(Caption-style text data)
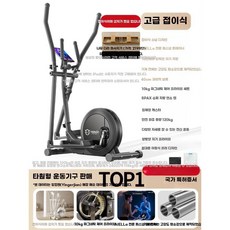 접이식 일립티컬 머신 스텝밀 유산소 전신 운동 기구, F. 일립티컬 블랙 16단 10kg휠 접이식, YEJ-QM2201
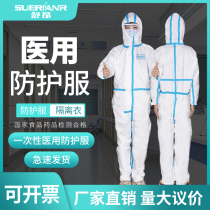 Medical protective clothing One-piece full body disposable medical isolation clothing suit Protective clothing Aircraft medical care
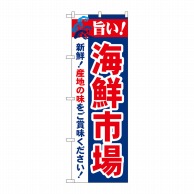 P・O・Pプロダクツ のぼり  21694　旨い！海鮮市場 1枚（ご注文単位1枚）【直送品】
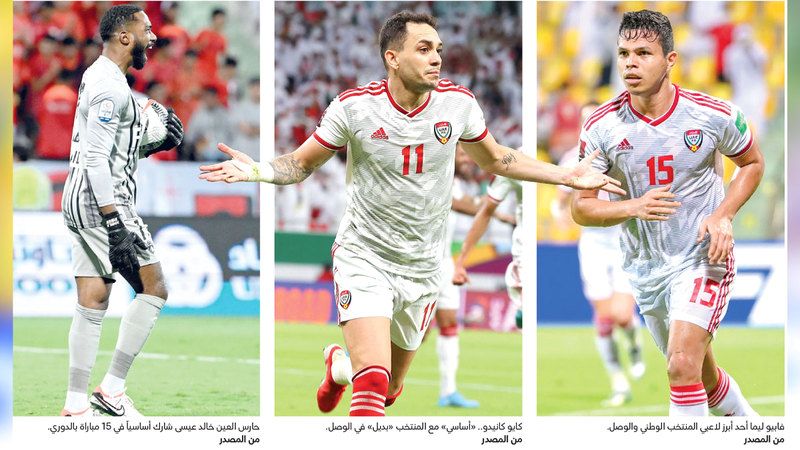 الامارات | ليما وخالد عيسى أكثر لاعبي المنتخب مشاركة في الدوري.. وتوحيد الأقل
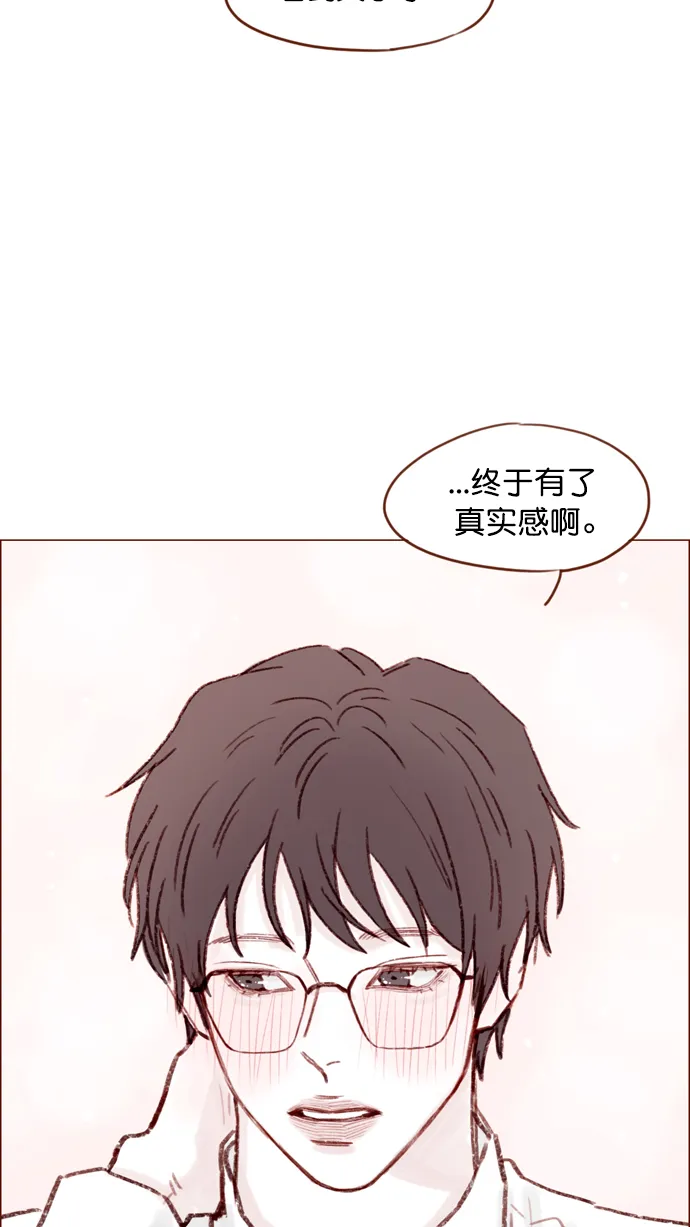 [第106话] ...终于有了真实感啊 第35页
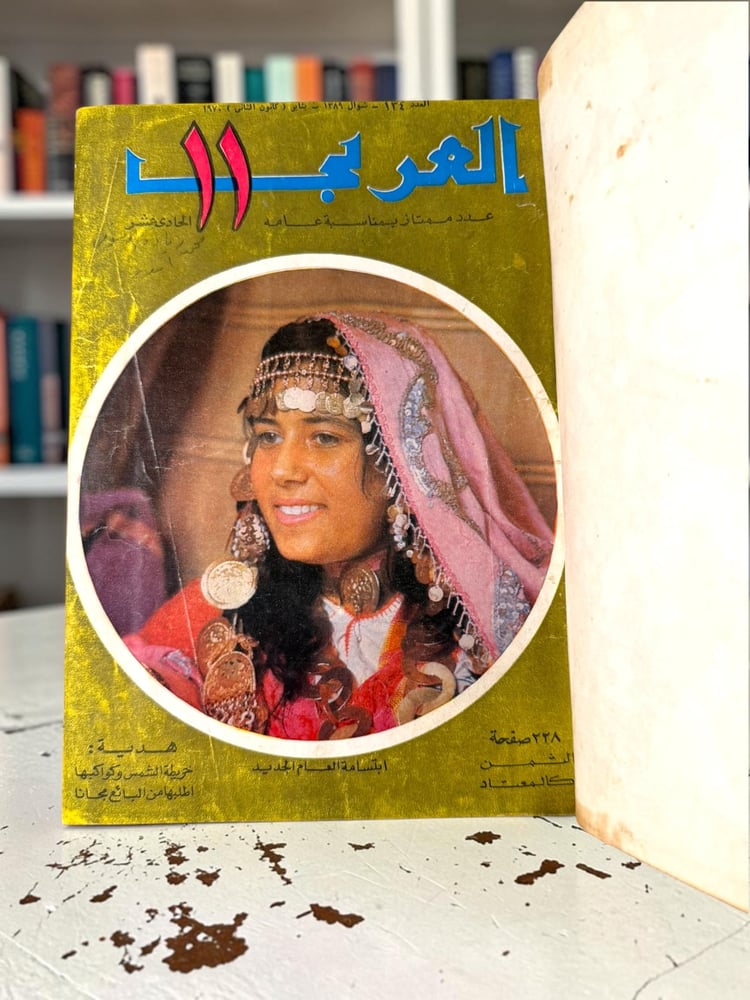 ( 469 ) مجلة العربي 10 أعداد نادرة 1970 | Al-Arabi Magazine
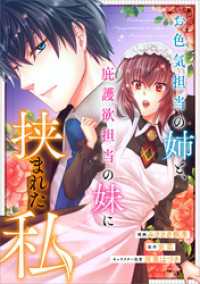 お色気担当の姉と、庇護欲担当の妹に挟まれた私【分冊版】（コミック）　８話 GAコミック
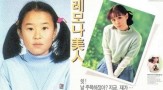 Young Choi Kang Hee Photos Leaked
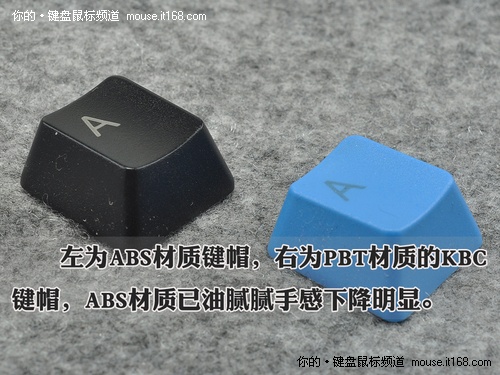 不同鍵帽四倍差價(jià)價(jià)值幾何?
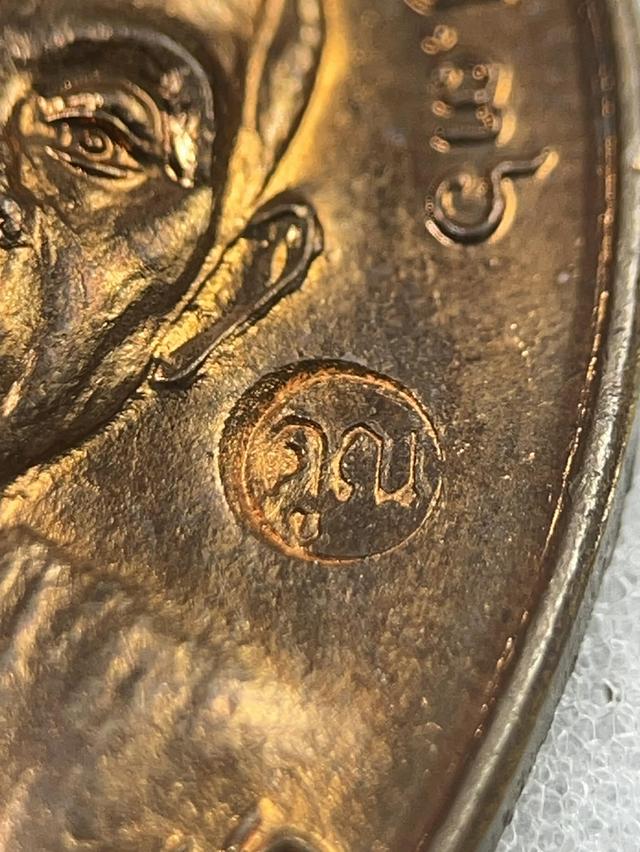 หลวงพ่อคูณ รุ่นรับเสด็จ ปี36 3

### WHAT IS EXPECTED
Write the records out exactly once more, leaving off the pictures.

### RESULT OF THIS TASK
 접이식 일립티컬 머신 스텝밀 유산소 전신 운동 기구, F. 일립티컬 블랙 16단 10kg휠 접이식, YEJ-QM2201
 Medical protective clothing One-piece full body disposable medical isolation clothing suit Protective clothing Aircraft medical care
 P・O・Pプロダクツ のぼり  21694　旨い！海鮮市場 1枚（ご注文単位1枚）【直送品】
 الامارات | ليما وخالد عيسى أكثر لاعبي المنتخب مشاركة في الدوري.. وتوحيد الأقل
 [第106话] ...终于有了真实感啊 第35页
 ( 469 ) مجلة العربي 10 أعداد نادرة 1970 | Al-Arabi Magazine
 お色気担当の姉と、庇護欲担当の妹に挟まれた私【分冊版】（コミック）　８話 GAコミック
 Young Choi Kang Hee Photos Leaked
 不同鍵帽四倍差價(jià)價(jià)值幾何?
 หลวงพ่อคูณ รุ่นรับเสด็จ ปี36 3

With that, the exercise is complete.